Google Wallet Puts Banks In Its Pocket

Google Inc. isn’t asking for a share of the payments revenue generated with its new mobile wallet. Nevertheless, partnering with the search engine juggernaut could be a trade-off for banks.

Google plans to make money through an associated service in which merchants pay to display coupons on the phone screen. Banks may be leaving money on the table if they allow Google to keep all of that advertising revenue for itself, some experts said.

“For Google not to give them a piece of that revenue pie from the promotions … forget it. I wouldn’t do it,” said Brad Strothkamp, a principal analyst at Forrester Research Inc.

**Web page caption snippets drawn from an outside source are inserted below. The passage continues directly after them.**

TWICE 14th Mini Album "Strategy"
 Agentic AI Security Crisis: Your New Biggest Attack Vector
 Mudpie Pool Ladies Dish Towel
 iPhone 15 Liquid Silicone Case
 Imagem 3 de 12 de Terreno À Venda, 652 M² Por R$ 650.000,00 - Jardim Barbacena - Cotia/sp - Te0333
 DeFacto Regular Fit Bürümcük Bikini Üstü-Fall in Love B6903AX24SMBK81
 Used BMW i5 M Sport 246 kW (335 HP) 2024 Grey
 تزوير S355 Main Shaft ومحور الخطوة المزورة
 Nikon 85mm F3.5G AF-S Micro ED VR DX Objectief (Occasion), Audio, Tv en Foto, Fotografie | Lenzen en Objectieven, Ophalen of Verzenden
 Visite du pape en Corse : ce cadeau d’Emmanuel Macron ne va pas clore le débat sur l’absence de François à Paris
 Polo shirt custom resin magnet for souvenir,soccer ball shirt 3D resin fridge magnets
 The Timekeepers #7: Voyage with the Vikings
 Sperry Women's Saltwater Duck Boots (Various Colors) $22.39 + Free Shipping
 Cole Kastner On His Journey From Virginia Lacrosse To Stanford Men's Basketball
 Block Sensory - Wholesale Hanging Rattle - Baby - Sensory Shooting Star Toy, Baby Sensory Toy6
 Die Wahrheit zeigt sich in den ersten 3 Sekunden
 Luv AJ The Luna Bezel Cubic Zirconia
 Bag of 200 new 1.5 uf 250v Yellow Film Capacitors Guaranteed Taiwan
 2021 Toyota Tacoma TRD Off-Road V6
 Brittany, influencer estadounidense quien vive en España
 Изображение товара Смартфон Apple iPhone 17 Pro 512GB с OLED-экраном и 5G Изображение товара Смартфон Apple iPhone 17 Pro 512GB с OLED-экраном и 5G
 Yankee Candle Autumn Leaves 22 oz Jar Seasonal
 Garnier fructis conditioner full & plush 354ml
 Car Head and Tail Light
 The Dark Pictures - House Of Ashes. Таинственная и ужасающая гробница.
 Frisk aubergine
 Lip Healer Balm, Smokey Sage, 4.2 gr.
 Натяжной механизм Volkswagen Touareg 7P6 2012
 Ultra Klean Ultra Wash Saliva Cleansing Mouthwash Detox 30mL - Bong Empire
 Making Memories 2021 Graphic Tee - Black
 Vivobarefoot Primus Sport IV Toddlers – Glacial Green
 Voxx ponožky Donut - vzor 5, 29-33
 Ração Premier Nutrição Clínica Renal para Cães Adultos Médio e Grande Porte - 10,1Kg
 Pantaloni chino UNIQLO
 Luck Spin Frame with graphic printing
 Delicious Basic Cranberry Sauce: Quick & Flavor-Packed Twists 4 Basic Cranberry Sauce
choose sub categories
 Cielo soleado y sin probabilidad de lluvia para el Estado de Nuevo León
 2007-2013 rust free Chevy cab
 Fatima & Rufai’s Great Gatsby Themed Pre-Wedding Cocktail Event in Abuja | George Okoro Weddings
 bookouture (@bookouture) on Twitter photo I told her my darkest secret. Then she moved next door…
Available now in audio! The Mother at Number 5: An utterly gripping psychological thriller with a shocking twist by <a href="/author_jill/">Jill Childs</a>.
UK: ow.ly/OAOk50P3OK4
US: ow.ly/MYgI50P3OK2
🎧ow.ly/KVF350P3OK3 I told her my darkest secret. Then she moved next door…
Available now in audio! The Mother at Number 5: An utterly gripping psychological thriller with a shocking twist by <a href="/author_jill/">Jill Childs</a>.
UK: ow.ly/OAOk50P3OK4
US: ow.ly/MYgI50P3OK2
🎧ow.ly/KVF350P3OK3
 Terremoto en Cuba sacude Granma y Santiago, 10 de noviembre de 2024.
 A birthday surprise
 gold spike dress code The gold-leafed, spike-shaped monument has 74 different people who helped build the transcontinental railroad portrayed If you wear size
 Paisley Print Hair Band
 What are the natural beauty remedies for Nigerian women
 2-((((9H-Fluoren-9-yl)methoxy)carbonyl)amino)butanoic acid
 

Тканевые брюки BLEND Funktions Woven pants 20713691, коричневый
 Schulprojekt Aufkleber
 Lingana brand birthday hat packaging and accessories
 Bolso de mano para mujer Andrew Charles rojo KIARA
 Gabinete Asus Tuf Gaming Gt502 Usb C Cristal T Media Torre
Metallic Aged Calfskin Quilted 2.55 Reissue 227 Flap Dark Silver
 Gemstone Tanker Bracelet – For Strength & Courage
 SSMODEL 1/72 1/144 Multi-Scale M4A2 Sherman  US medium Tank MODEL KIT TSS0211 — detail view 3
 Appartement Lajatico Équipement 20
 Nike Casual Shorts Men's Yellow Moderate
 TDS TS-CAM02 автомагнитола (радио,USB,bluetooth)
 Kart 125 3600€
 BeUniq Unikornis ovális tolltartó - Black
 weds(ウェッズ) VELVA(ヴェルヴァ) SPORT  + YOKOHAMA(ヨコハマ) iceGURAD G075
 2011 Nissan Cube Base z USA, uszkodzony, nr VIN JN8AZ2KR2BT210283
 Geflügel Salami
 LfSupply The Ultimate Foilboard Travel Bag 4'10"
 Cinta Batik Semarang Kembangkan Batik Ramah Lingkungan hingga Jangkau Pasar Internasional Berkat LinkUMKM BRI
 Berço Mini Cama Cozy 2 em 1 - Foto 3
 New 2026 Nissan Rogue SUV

The Google Wallet app allows a consumer to load her debit or credit card information into a mobile phone that runs on Google’s Android operating system. The consumer can then pay for purchases by tapping the handset against a terminal at the checkout counter. The allure for banks is that they stand to capture a greater share of a consumer’s spending if the card can be used so easily.

But Strothkamp said there is a precedent for banks taking a cut of the kind of revenue Google will collect — many vendors offer merchant-funded reward programs that share revenue with banks. These vendors could attach their programs to mobile payment apps, Strothkamp said.

Peter Ho, the product manager for card services and consumer lending at Wells Fargo & Co., would not say whether it plans to work with Google, but he said the wallet service is a positive development for mobile payments.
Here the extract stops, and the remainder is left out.